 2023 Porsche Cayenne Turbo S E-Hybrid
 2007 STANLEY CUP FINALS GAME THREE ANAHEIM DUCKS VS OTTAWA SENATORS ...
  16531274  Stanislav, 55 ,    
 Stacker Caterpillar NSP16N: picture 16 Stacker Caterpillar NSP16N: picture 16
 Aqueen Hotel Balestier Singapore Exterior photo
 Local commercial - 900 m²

* [Task brief]:
Once more, write all of the records exactly as given.

* [Reply]:
 2023 Porsche Cayenne Turbo S E-Hybrid
 2007 STANLEY CUP FINALS GAME THREE ANAHEIM DUCKS VS OTTAWA SENATORS ...
  16531274  Stanislav, 55 ,    
 Stacker Caterpillar NSP16N: picture 16 Stacker Caterpillar NSP16N: picture 16
 Aqueen Hotel Balestier Singapore Exterior photo
 Local commercial - 900 m²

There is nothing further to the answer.